DUBLIN, Ireland, March 28, 2014/African Press Organization (APO)/ — The Tánaiste and Minister for Foreign Affairs and Trade, Eamon Gilmore TD, paid tribute to the late Kader Asmal at the unveiling of a plaque at the house in Foxrock, Dublin, where South Africa’s Bill of Rights was written more than 20 years ago.
The Tánaiste was joined yesterday by the Bill’s co-author, retired South African Justice Albie Sachs, who is visiting ireland for a legal rights conference. The Tánaiste also welcomed Louise Asmal, the widow of Kader Asmal, to the unveiling:
“In this house in 1988 an essential element in South Africa’s peace process was created. South Africa’s Bill of Rights served as the bedrock of the subsequent Constitution of South Africa. Now, 20 years later, we see a free and democratic South Africa – a testament to the work of the late Kader Asmal and his wife, Louise, Justice Albie Sachs and, indeed, all those who struggled against the evil and inhuman apartheid system.”

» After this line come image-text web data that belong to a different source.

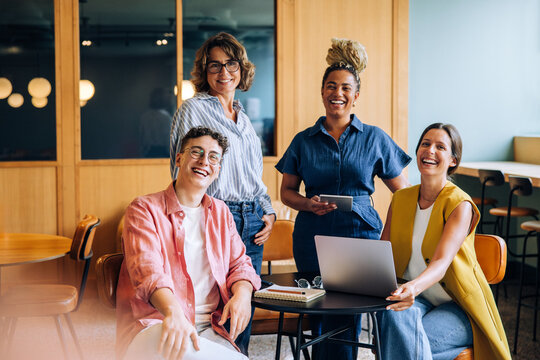 Happy group of coworkers enjoying teamwork in modern workplace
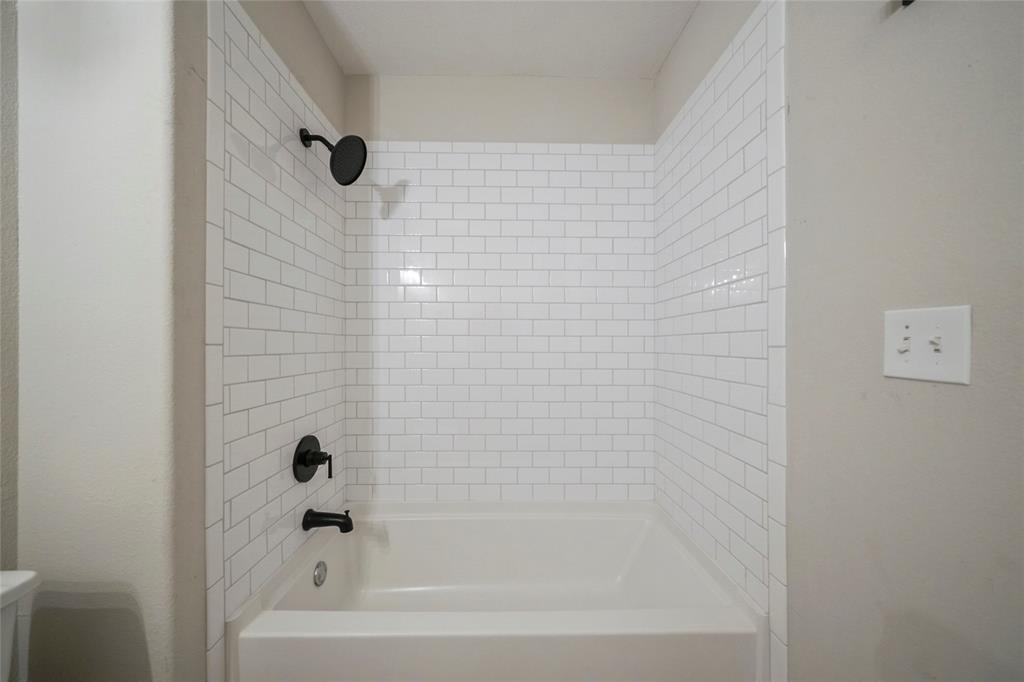 Shower/tub in second bathroom.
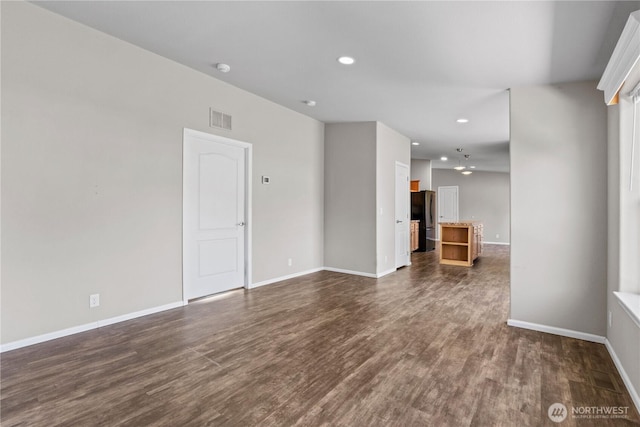 3516 Meadowbrook Ln SE, Lacey, WA 98503 - unfurnished living room with recessed lighting, dark wood-style floors, and baseboards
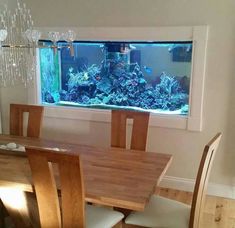 a dining room table and chairs with an aquarium in the window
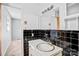 Bathroom featuring black tile and a white vanity, offering a clean and classic look at 7270 Long Island Rd, Catawba, NC 28609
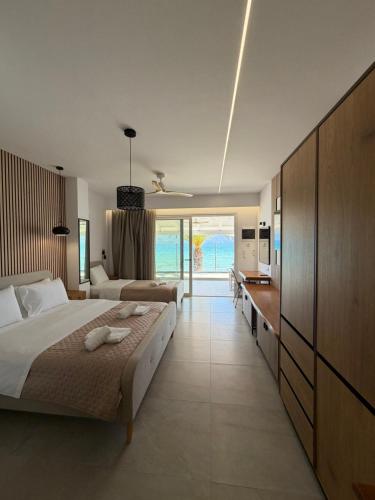 a hotel room with two beds and a bathroom at Ammos Beach in Glida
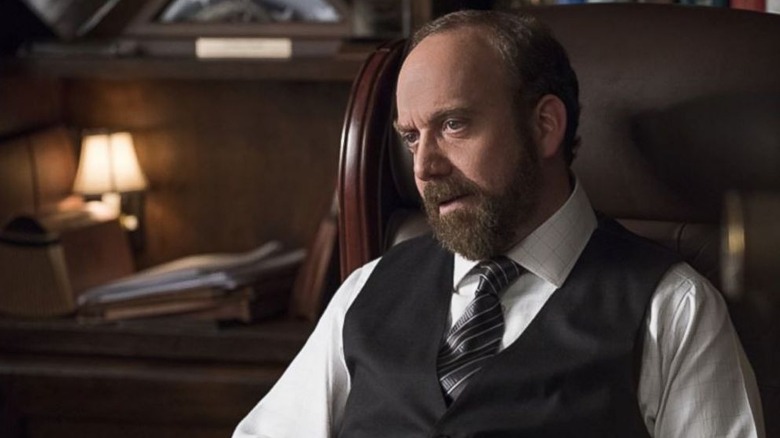 Rhoades sits in a big leather chair in Billions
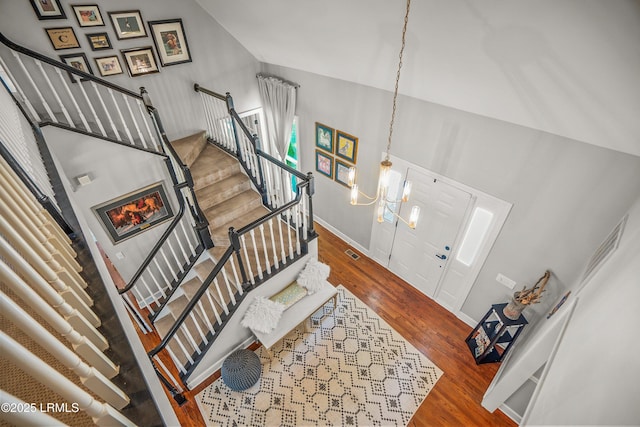 70 Dolphin Point Dr, Beaufort, SC 29907 - entryway with stairway, a chandelier, wood finished floors, and vaulted ceiling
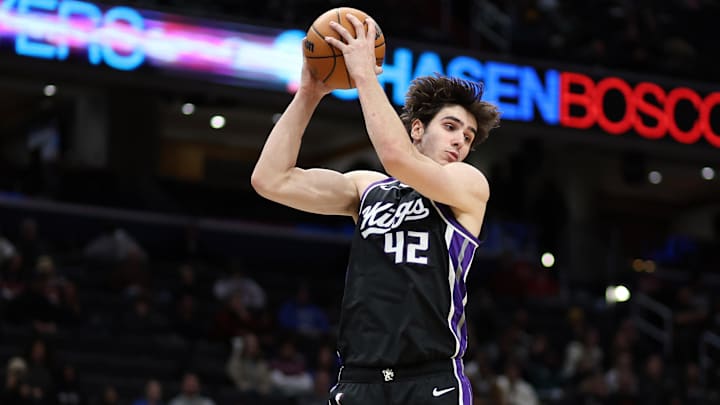 Feb 1, 2026; Washington, District of Columbia, USA; Sacramento Kings center Maxime Raynaud (42) grabs a rebound during the first half against the Washington Wizards at Capital One Arena. Mandatory Credit: Daniel Kucin Jr.-Imagn Images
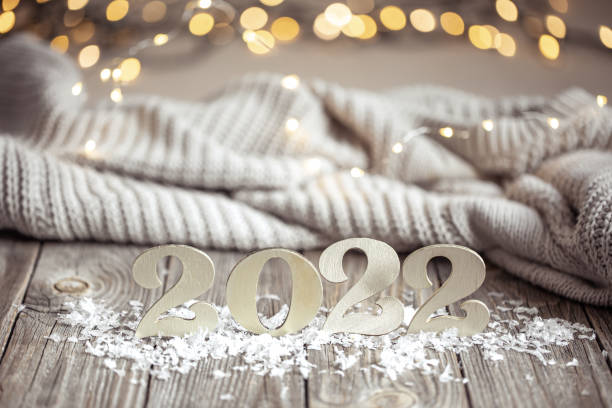 istock Cozy festive composition with the numbers 2022 on a wooden surface. 1348992702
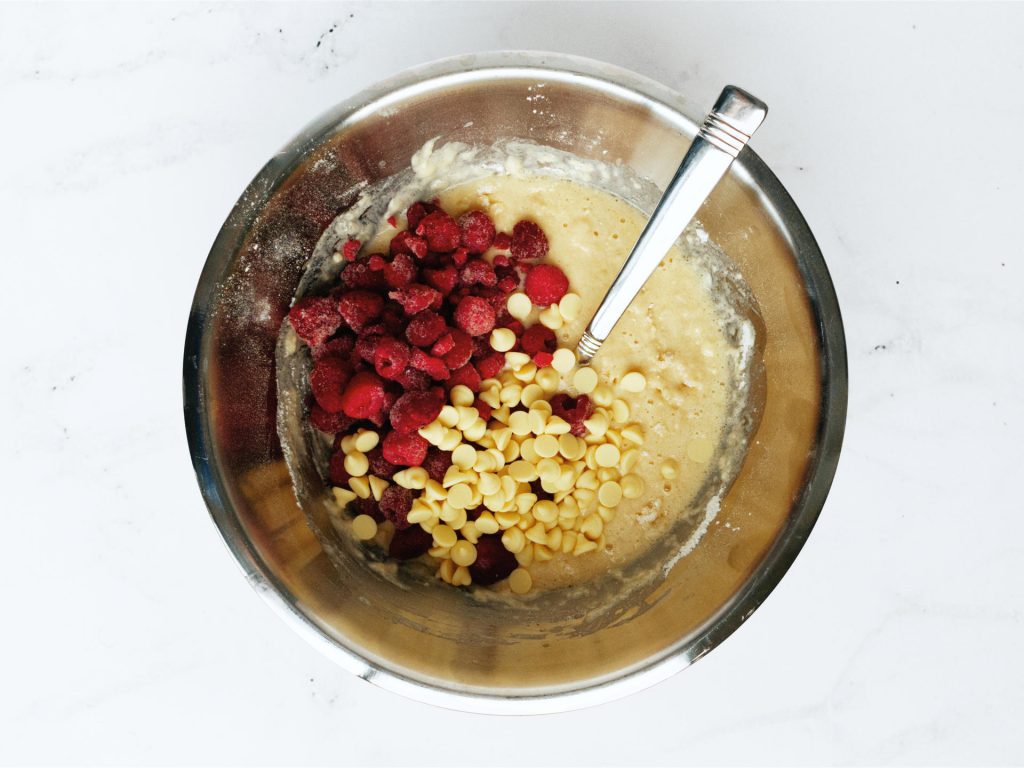 Mixing bowl containing the ingredients mix with raspberries and white chocolate on top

Addressing Louise Asmal, he said: “You shared with Kader the ultimate vindication of that struggle in the first democratic election in South Africa, and in his appointment as a Minister in President Mandela’s first government.”
Representing South Africa was Mr Livingstone Vukile Mdlalo of the Embassy and two young South African students who are studying in ireland under the Kader Asmal Fellowship Programme, which is funded by Irish Aid. The Tánaiste welcomed them to Ireland, saying:
“We here in Ireland are proud of Kader Asmal’s life and work for South Africa and indeed for his adopted country, Ireland. This fellowship programme is a fitting tribute to his memory. He valued education so much – and he was himself such a good teacher. These young African students coming here to study will help to strengthen the bonds which bind us so much to Africa, and to commemorate and celebrate the life of Kader Asmal and the principles which guided his work.”